17. The method according to claim 1, wherein step (c) comprises
attaching the cable assembly to a supporting member and lowering
the supporting member into the well.
18. The method according to claim 17, wherein the supporting member
comprises a string of sucker rod.
19. The method according to claim 1, further comprising providing a
string of production tubing within the well into which the heater
cable is lowered and through which the gas flows upward, and
providing the production tubing with an inner passage having a heat
reflective coating.
20. The method according to claim 1, further comprising providing a
string of production tubing within the well into which the heater
cable is lowered and through which the gas flows upward, the
production tubing being suspended within a string of casing, and
providing the casing with an inner diameter having a heat
reflective coating.
21. A method of reducing condensate occurring in a gas well, the
well having a production tubing suspended within casing, the method
comprising: (a) providing a cable assembly having at least one
conductor; (b) coiling the cable assembly on a reel and
transporting the cable assembly to a well site; (c) installing a
pressure controller at an upper end of the production tubing,
sealing around the cable assembly with the pressure controller, and
deploying the cable assembly from the reel into the production
tubing while well pressure still exists within the production
tubing; then (d) applying electrical power to the conductor to
cause heat to be generated at a temperature within the production
tubing that is sufficient to retard condensation; and (e) flowing
gas up the production tubing past the cable assembly and out the
wellhead.
22. The method according to claim 21, further comprising providing
a fluid of low thermal conductivity in a tubing annulus surrounding
the production tubing.
23. The method according to claim 21, further comprising reducing
pressure within a tubing annulus surrounding the production tubing
to less than atmospheric to reduce heat loss from the production
tubing to the casing.
24. The method according to claim 21, further comprising placing a
liquid of low thermal conductivity in a tubing annulus surrounding
the production tubing.
25. The method according to claim 21, wherein step (a) comprises
providing the cable assembly with an outer diameter no greater than
one inch.
26. The method according to claim 21, further comprising:
connecting a packer to a tubular hanger mandrel; lowering the
hanger mandrel and packer into the tubing and landing the hanger
mandrel in the tubing with the packer being located below the
tubing; expanding and setting the packer in the casing below the
tubing, thereby forming a closed lower end to a tubing annulus
surrounding the production tubing; providing a fluid of low thermal
conductivity within the tubing annulus; and wherein step (e)

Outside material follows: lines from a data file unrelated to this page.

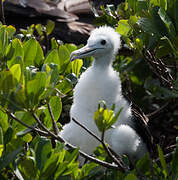 Magnificent Frigatebird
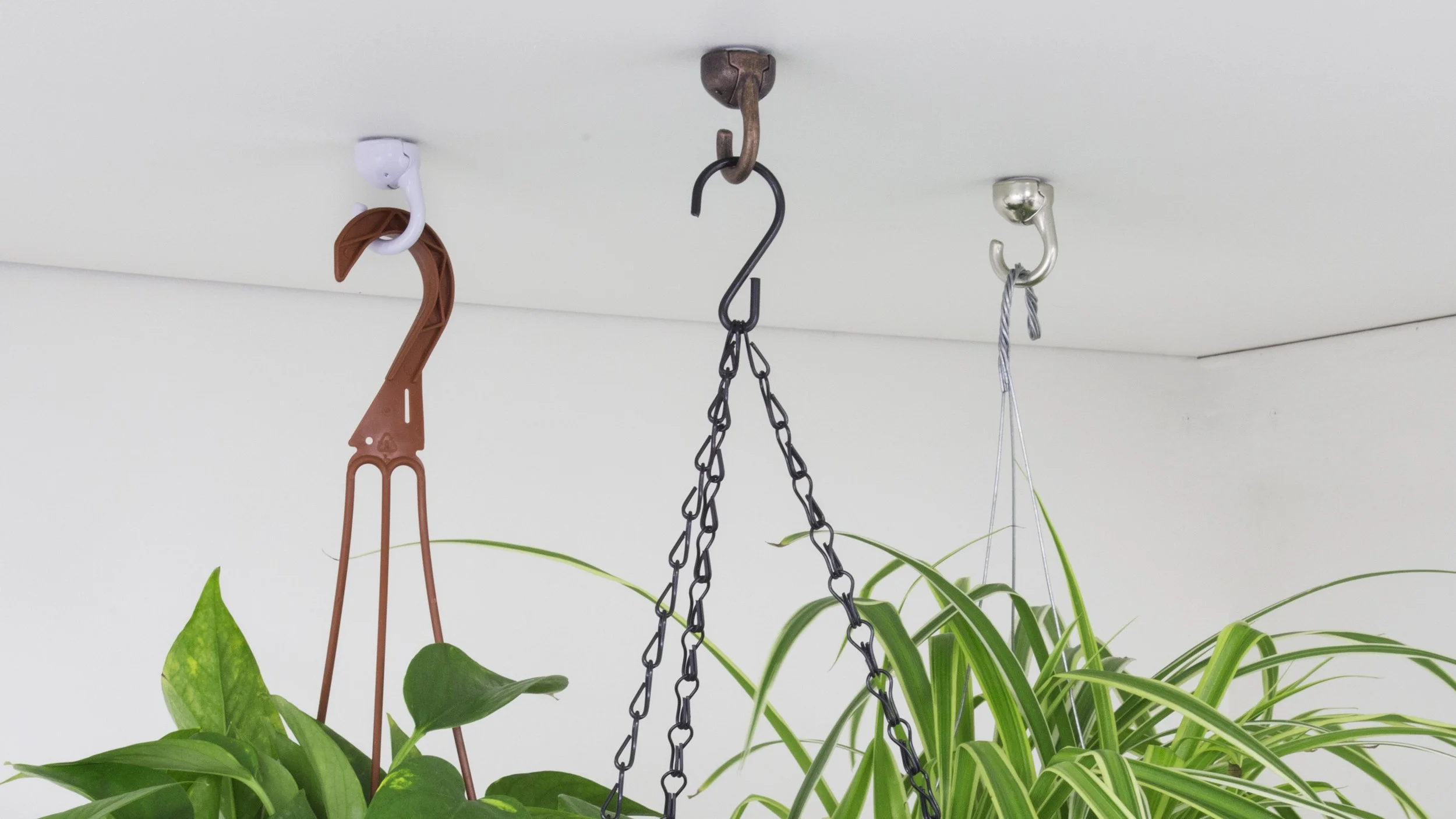 Elephant Hooks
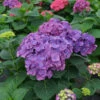 Let's Dance Big Band® Bigleaf Hydrangea -Green Haven Shop hydrangea macrophylla lets dance big band 1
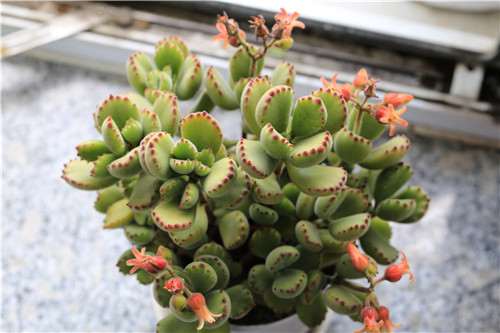 熊童子多肉开花可以授粉吗 图片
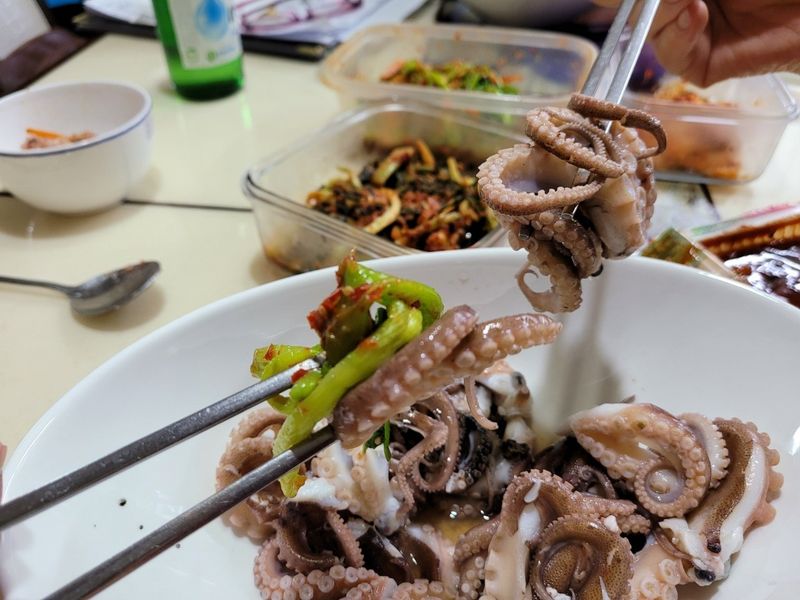 목포제주수산님의 장터 판매 상품 [신안 뻘 봄쭈꾸미 알쭈꾸미] 첨부 사진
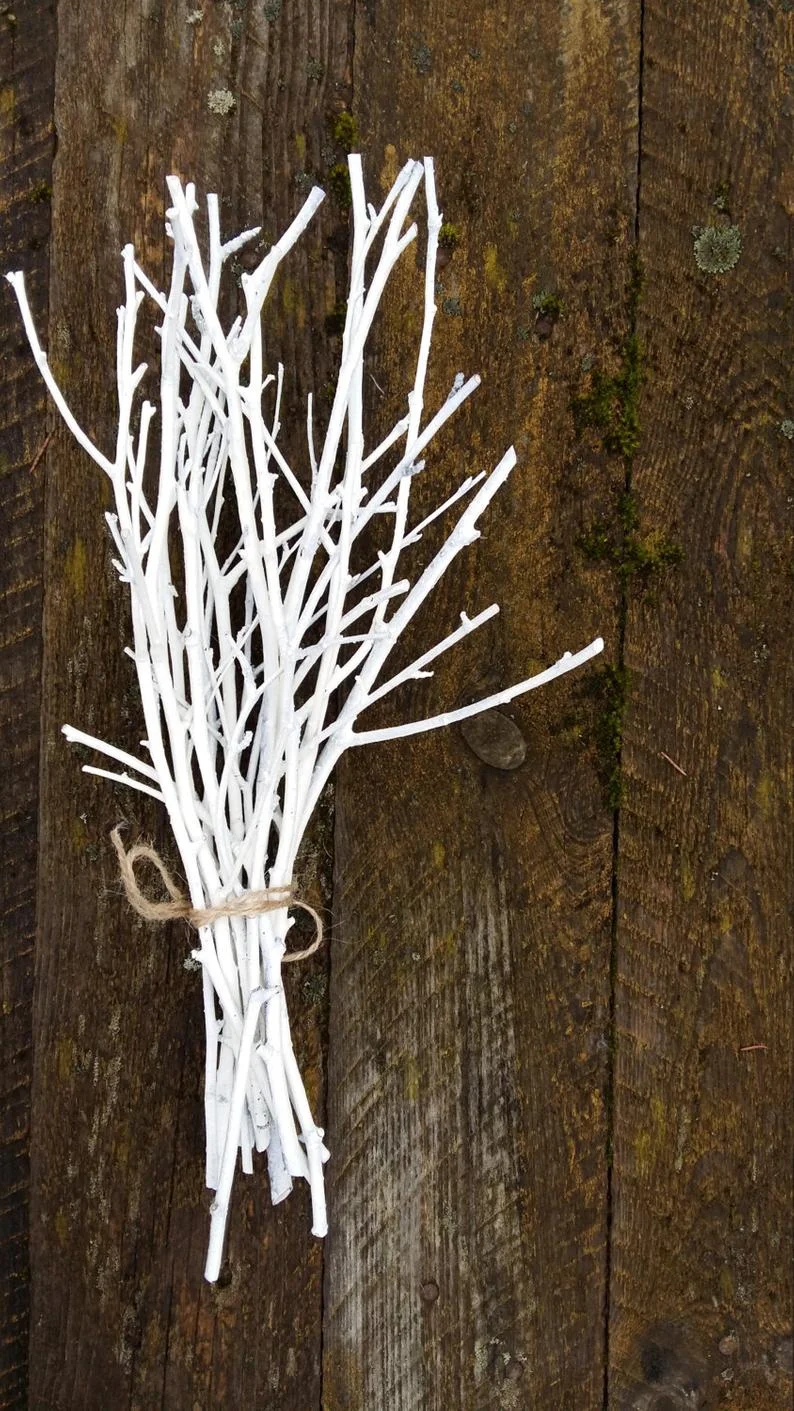 Birch Twigs White.jpg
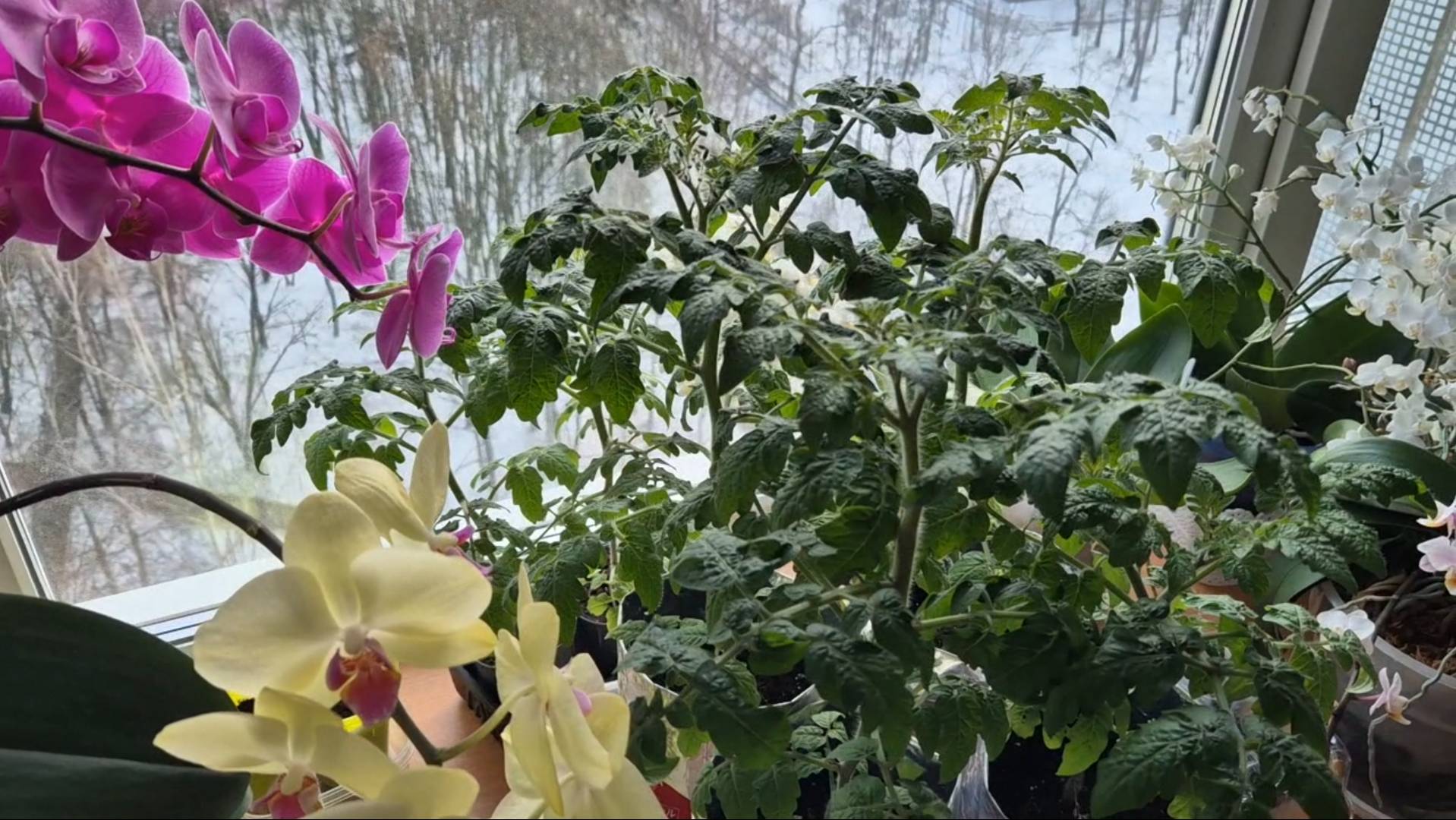 Ремонт пенсионерский.День бежим-два лежим.Опять проблемы.Рассада смотреть онлайн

comprises flowing the gas through the packer and mandrel into the
tubing.
27. The method according to claim 21, wherein step (a) comprises:
forming a standoff member around the conductor, the standoff member
having a plurality of legs extending outward from a central body;
placing the standoff member on a strip of metal; and bending the
metal into a cylindrical configuration and welding a seam to define
a tube surrounding the standoff member.
28. The method according to claim 21, wherein the conductor has at
least two sections along its length, one of the sections providing
a different amount of heat for a given amount of power than the
other section, to apply different amounts of heat to the gas at
different places in the well.
29. The method according to claim 21, wherein step (a) comprises
insulating the conductor and installing the conductor within a
string of coiled tubing.
30. The method according to claim 21, further comprising providing
the production tubing an inner passage having a heat reflective
coating.
31. The method according to claim 21, further comprising providing
the casing with an inner diameter having a heat reflective
coating.
32. A method of reducing condensate occurring in a gas well, the
well having a production tubing suspended within casing, defining a
tubing annulus between the casing and the tubing, the method
comprising: (a) providing a heater cable assembly having three
insulated conductors located within a string of coiled tubing; (b)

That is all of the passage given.